You know what I'd love to see---let's see all the libs in here defend Clay. How many times does this idiot criminal-coddler have to hook up a criminal in a lawless manner before we can just admit that the Democrat judges are the problem?

All the liberal Senators screamed bloody murder over "extremists" like William Pryor and others, but they don't have the record of nitwits like Clay, Paez and Barkett.

Posted by: federalist | May 21, 2013 1:26:30 AM

There is a curious underpinning to the decision. Decisions of the Michigan Court of Appeals are binding precedent unless overruled by the Michigan Supreme Court. Yet SCOTUS treats the law in this case, established by a Court of Appeals decision, as though it were not really binding. Fatal flaw in the logic.
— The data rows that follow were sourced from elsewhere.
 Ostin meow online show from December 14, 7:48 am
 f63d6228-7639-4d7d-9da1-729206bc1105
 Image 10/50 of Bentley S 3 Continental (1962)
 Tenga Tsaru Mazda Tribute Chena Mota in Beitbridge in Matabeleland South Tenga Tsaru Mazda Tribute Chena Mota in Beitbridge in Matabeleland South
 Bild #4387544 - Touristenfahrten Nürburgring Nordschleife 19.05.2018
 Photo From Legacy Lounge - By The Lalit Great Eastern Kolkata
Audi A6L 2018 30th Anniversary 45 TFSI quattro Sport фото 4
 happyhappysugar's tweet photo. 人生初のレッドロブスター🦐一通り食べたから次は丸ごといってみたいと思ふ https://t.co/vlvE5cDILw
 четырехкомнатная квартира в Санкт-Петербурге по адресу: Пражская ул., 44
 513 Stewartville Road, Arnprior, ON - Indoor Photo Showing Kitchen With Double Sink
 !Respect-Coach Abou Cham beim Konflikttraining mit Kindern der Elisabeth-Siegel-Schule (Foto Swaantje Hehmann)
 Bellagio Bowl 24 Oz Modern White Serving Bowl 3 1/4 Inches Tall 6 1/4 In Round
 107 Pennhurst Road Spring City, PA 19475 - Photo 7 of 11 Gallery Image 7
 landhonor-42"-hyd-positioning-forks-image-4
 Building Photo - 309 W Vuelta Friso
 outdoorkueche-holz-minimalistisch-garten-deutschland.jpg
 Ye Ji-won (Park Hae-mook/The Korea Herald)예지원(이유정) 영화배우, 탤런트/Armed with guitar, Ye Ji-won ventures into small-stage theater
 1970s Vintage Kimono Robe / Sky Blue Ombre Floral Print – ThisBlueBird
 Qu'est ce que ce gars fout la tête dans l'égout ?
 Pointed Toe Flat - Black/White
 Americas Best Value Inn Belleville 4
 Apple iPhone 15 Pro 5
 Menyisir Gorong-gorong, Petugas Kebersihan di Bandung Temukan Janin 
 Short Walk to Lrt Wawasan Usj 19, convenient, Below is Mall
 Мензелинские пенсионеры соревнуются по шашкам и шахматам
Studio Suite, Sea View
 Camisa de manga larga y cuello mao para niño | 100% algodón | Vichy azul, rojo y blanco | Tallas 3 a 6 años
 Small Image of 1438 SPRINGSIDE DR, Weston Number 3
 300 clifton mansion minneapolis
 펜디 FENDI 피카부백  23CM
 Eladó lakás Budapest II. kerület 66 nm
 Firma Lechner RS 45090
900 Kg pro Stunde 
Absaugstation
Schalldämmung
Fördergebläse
Posted by: John Minock | May 22, 2013 6:58:27 AM

John, I don't know how well the inmate's attorneys and amicus briefed the issue of Michigan's own rules on the precedential nature of intermediate appellate decisions.

In most states, an intermediate appellate decision is, at most, binding on the intermediate appellate court and the lower court, but not on the state Supreme Court. Thus, since in this type of system, there is no final conclusive interpretation of the law until the state Supreme Court considers the issue, the first decision of the state Supreme Court can't be a change in the law.

Also of significance is that this is a habeas petition requiring that the state court's interpretation of US Supreme Court decisions be unreasonable. The US Supreme Court saw a colorable argument (adopted by the Michigan Court of Appeals in this case) that the Michigan Supreme Court decision was not the type of change in the law precluded by the rather vague standards found in the two previous U.S. Supreme Court cases on this type of issue.